第38話 妙案

 大混乱する中、僕はなかなかグラウンドに出れずにいた。


 体格のよい大人(たぶん、ここの関係者だろう)が僕を掴み、早く逃げなさいと外まで連れ出されそうになり、説得時間が必要となったからだ。


 結局説得が出来ず、逃げたふりをして再度球場の中へと入り、走る。


 グラウンドのほうへ向かっているが、先ほどまですごい勢いだった黒い煙はかなり収まっており、視界は良好だった。

 途中で人が倒れている。


 担架に乗せられたままだ。顔面蒼白で明らかにまずそうだ。


「あれ、こいつって」


 黒木さんをナンパしてやつだと気が付く。

 それに加えてユニフォームを着ていることにも気が付く。

 ってことは、こいつが投手だったことなんだ。

 今更だが。


 爆音が聞こえ、グラウンドに目をやる。

 1人は黒木さん、もう一人は金髪の少年だった。二人は対峙している。


 あれは黒木さんの敵なのか?


 と。そのうちの一人、金髪の少年に目が釘付けになる。


――あの男、僕に魔法感染させた人に似てる。


 そう思いながら近づいていく。

 何かが足元で弾ける。


「うひゃ」


 下を見ると、人の目玉だった。

 目玉の裏には視神経や血管と思しき管がこびり付いている。


「うえ……!」


 ぼたぼたと肉片が天から降り注ぐ途中だった。

 その光景を見て、全身から血の気が引く。本物の殺し合い。吐き気を催す。


――確定だ。あいつは敵。


 足が震える。逃げ出したい。

 ダメだ。


 ここで黒木さんを助けて、認めてもらうチャンスだ。

 そもそも彼女のことを好きになったんだろう?


 元男かもしれないが、今でも好きという気持ちはあるのだろう?


 彼女の微笑み、怒っている表情、自分の名を呼ぶ声を思い出す。


「ね、西岡君」


 細い体に、しなやかで細い茶髪は、腰近くまでありそうだ。一点の曇りもないきめ細やかな白い肌はつるりとして、陶磁器のよう。美しい白い顔をした彼女が僕の目の前で微笑んでいた。


「西岡君。うちにおいでよ」


 警察では彼女に救われた。

 魔法使いになれるチャンスをくれた。

 体育館では励ましてくれた。


「そういうくだらないことを考えるな、昨日聞いた言葉は嘘だったのか? それなりに感動したんだけど」


 そんな彼女を見捨てるのか?


 それにもし彼女が負けてしまったら、と考えると震える。せっかく親しくなってきたんだ。元男かもしれないが、今は女だ。初めて親しくなった女子だ。

 助けたい。


 なら考えろ。


 今までの情けない自分を変えるんだ。


 だが、黒木さんですら苦戦しているようだった。

 むやみに突っ込んでも無駄死にするだけだ。何か策を考えないと。


 一歩踏み出す。


「うわっ」


 爆風が襲う。


 体が恐怖で震えた。

 相次ぐ爆発は、グラウンドを破壊していた。とんでもない威力の魔法だ。

 当たったら自分など木端微塵だろう。こんなところで死ねない。


 魔導円を描いてやきそばパンを飛ばしそうとした程度の自分など、いったい何の役に立てるというのか。

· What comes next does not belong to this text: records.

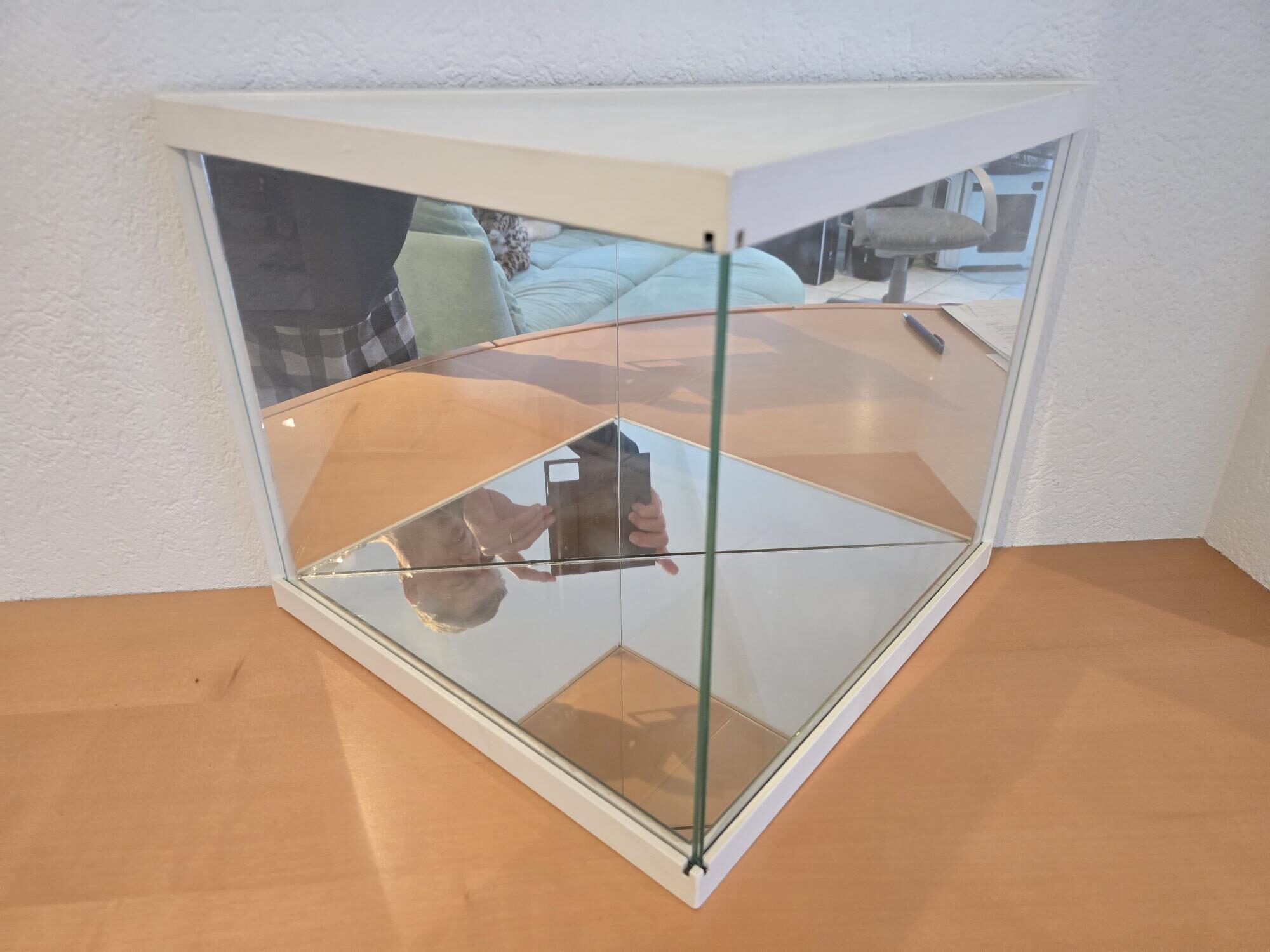 Design-Vitrine PRISMA: weiss, innen verspiegelt | 337834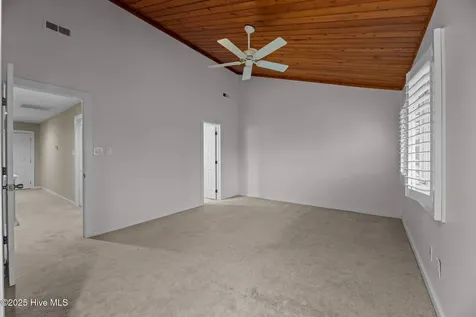 5 Batts Hill Road New Bern NC 28562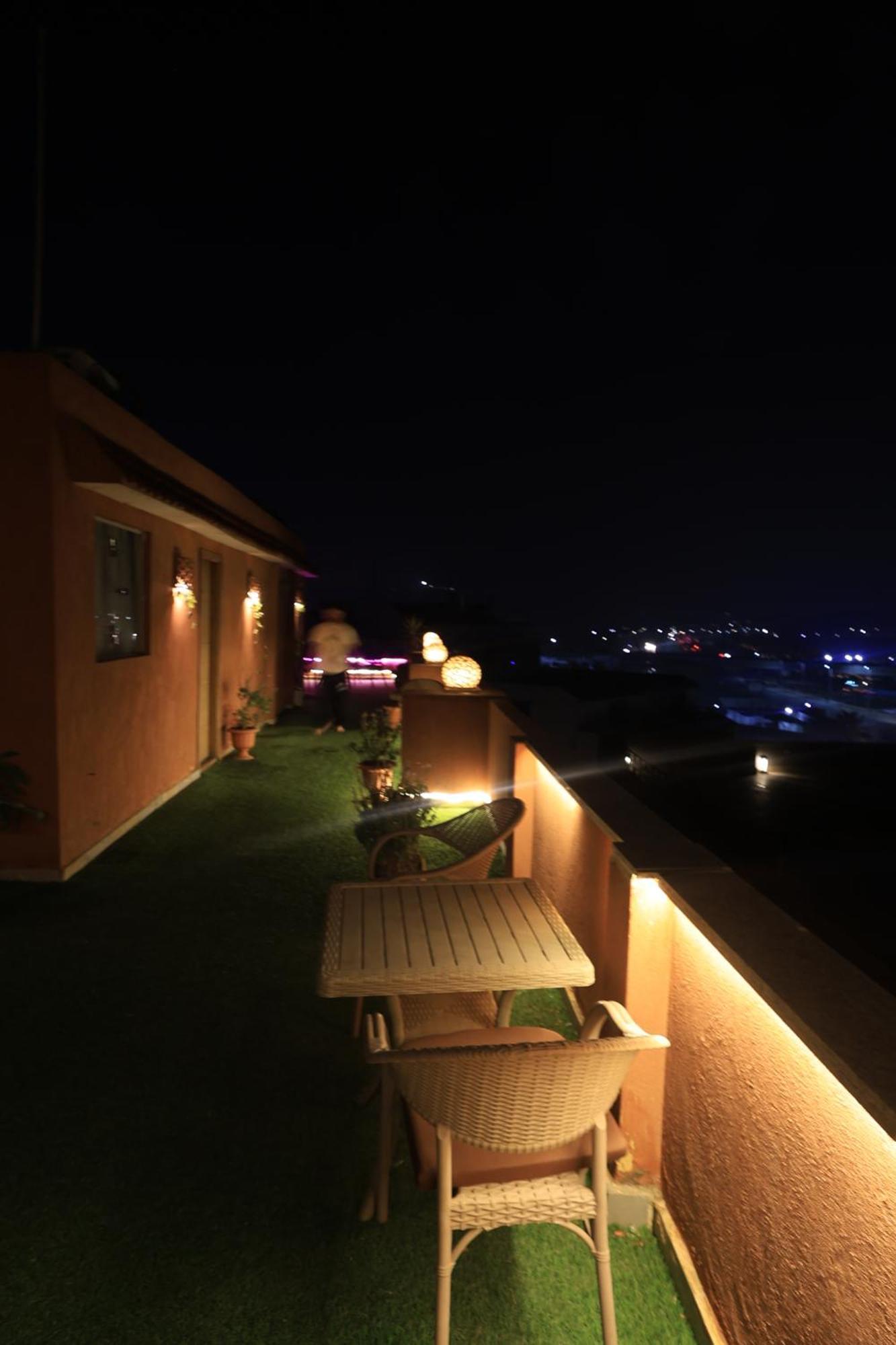 Grand Pyramids Inn Kafret el-Gabal المظهر الخارجي الصورة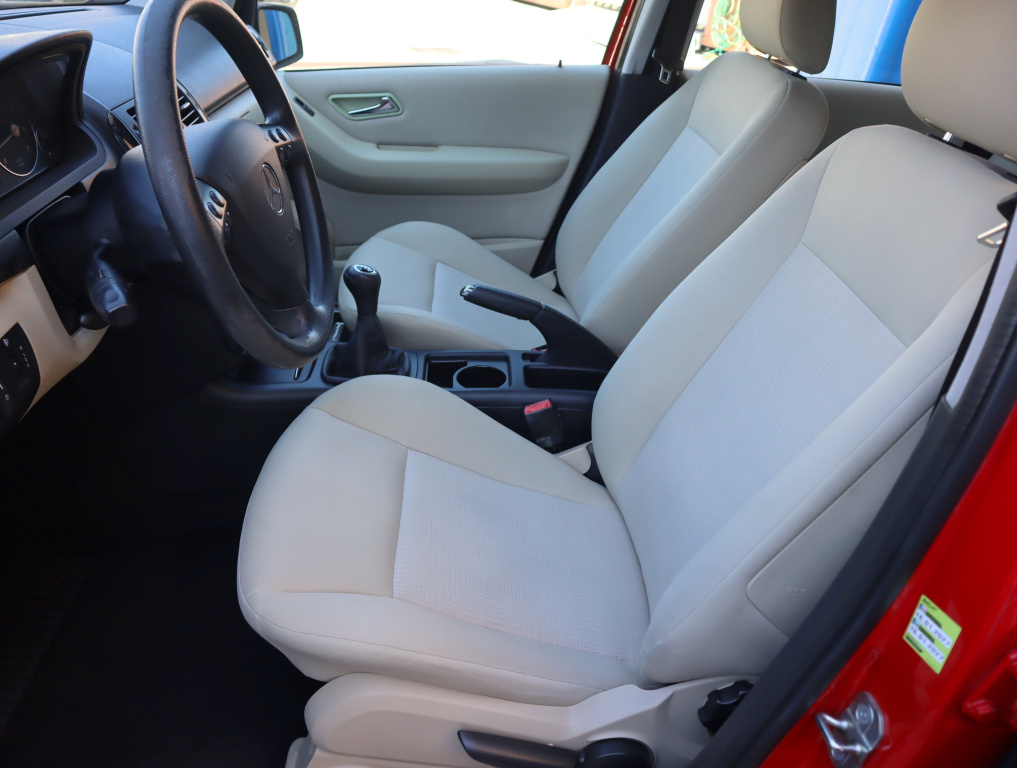 Mercedes-Benz A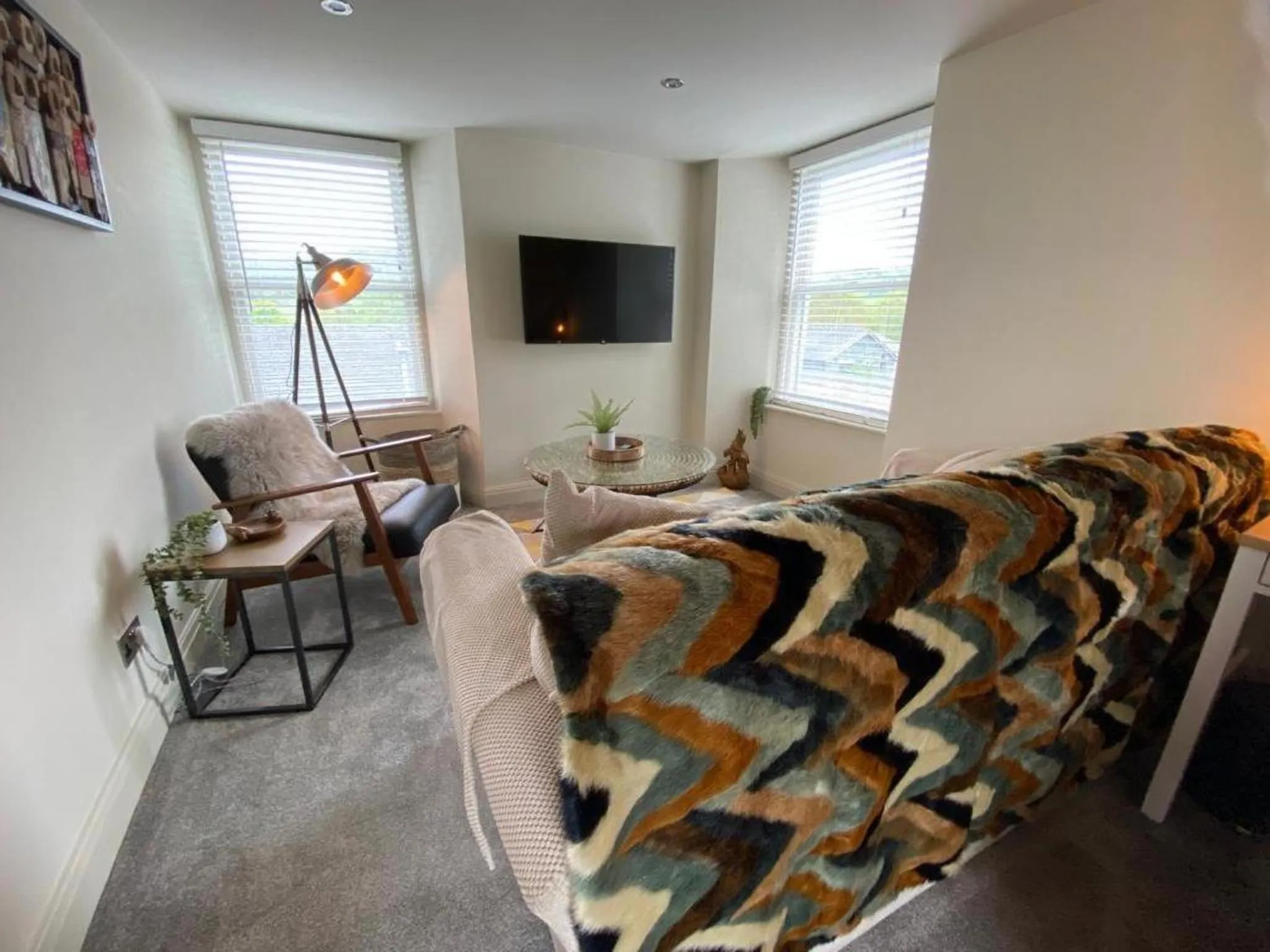 TV and multimedia, Bed in The Hive at Poppi-Red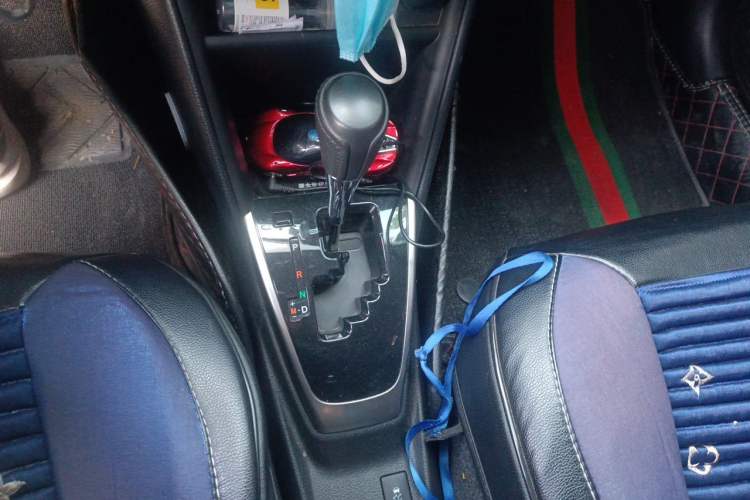 Used Toyota YARiS L Zhi Xuan 2020 1.5L CVT Luxury Edition Gear Lever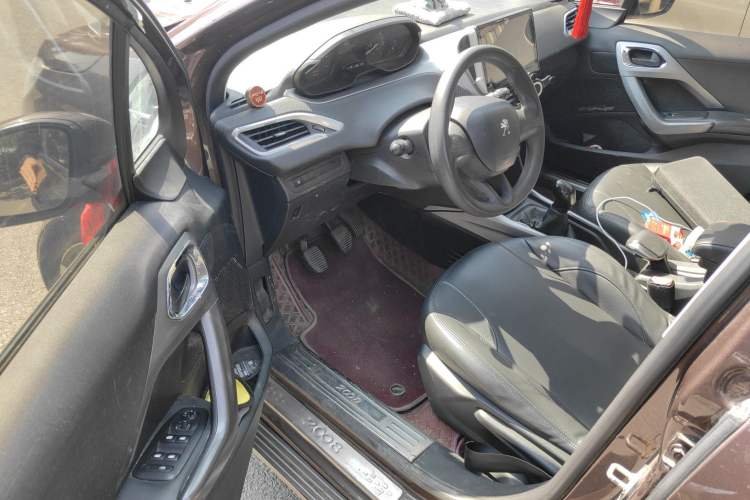 Used Peugeot 2008 2018 1.6L Manual Trend Edition Driver Seat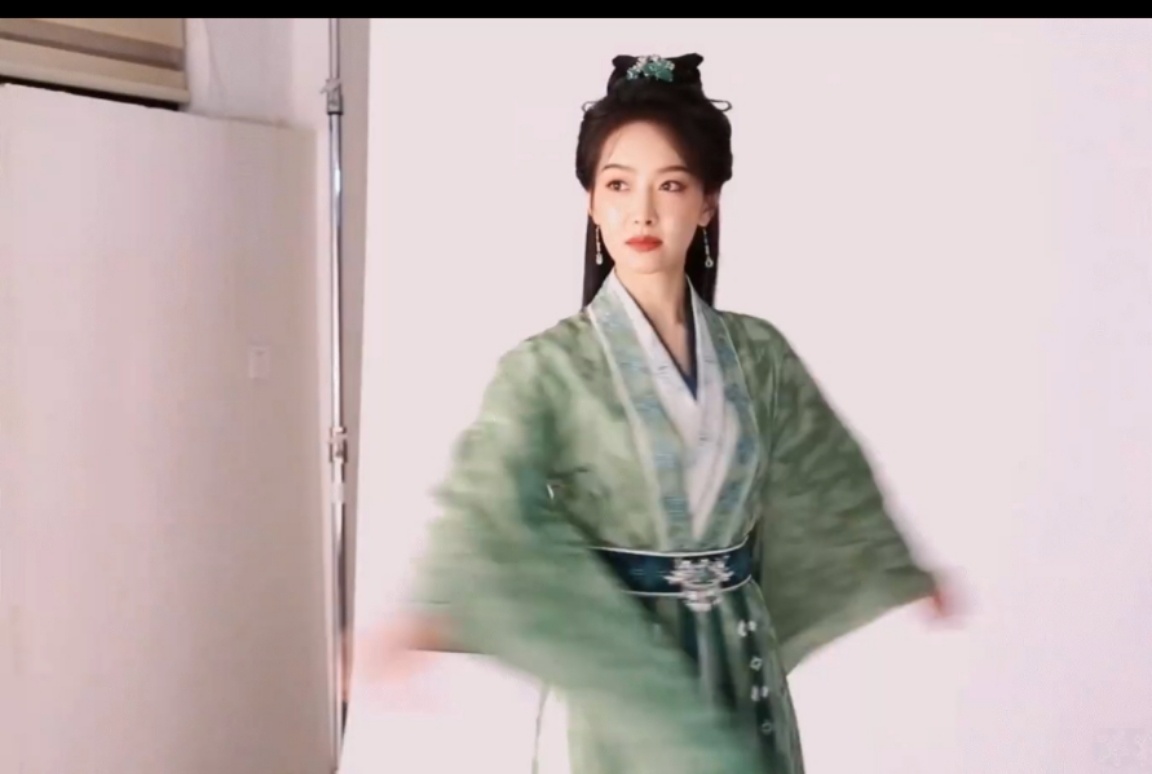 #宋茜山河枕变装##宋茜楚瑜变装#宋茜楚瑜变装，好美 ​​​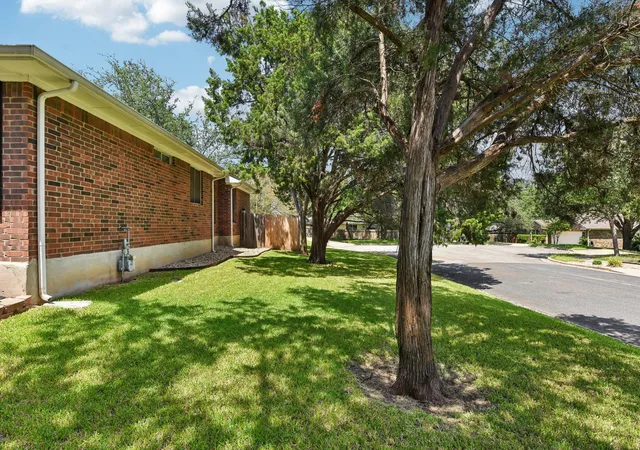 Photo 3 of Single family home for sale at 5815 Lomita Verde Cir, Austin, TX 78749 | MLS# 9417098 | Listing updated on 2026-10-27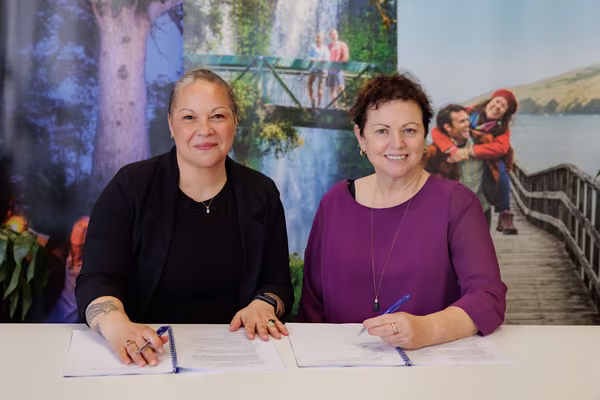 Northland Inc Board Chair Suzanne Duncan and Vice-Chancellor Professor Jan Thomas signing the agreement in Whangārei on Monday 3 November 2025.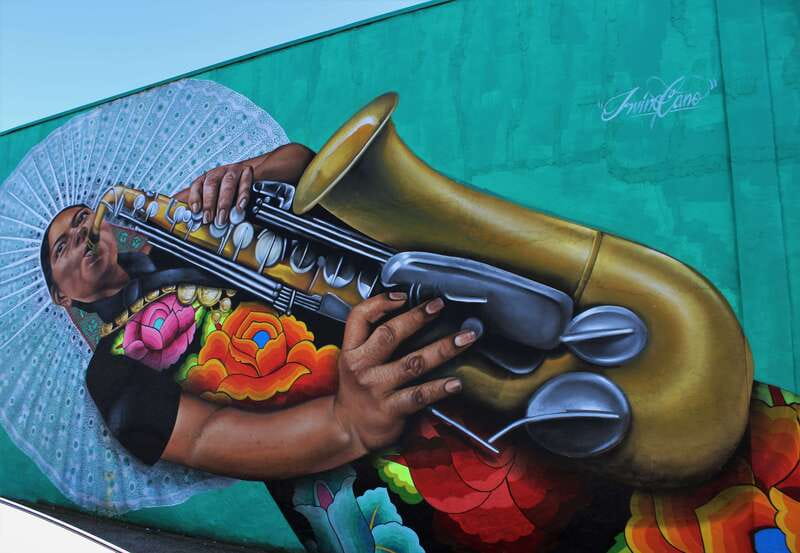 Vancouver: Street Art & Craft Beer Walking Tour with Tasting - Who will enjoy this walk most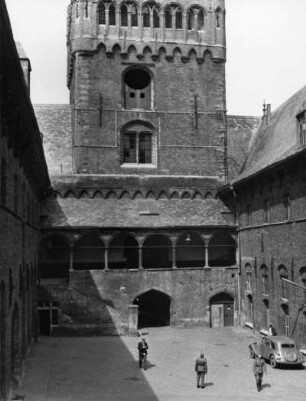 Innenhof der Tuchhallen und Belfried, Brügge, Flandern, Belgien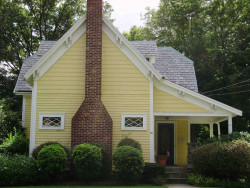 58 Central St, Newton, MA 02466-2409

 しかし、目の前で彼女は必死で戦い、血を流し、倒れている。


「助けないと」


 焦りだけが募るが、決め手がない。いま出て行っても無駄死にするだけの未来しか見えない。


 ふと隣を見ると、壁に球場の地図が貼られていた。


「これって……」


 ひとつの妙案が思いつく。だが、やれるか。

 やるためにはリスクを負う必要がある。うまくいくかわからない。

 あの異常な威力の魔法を使う男に効くのか? そもそも当てられるか?

 だがやってみる価値はあるだろう。


 僕は再びスマートフォンを取り出した。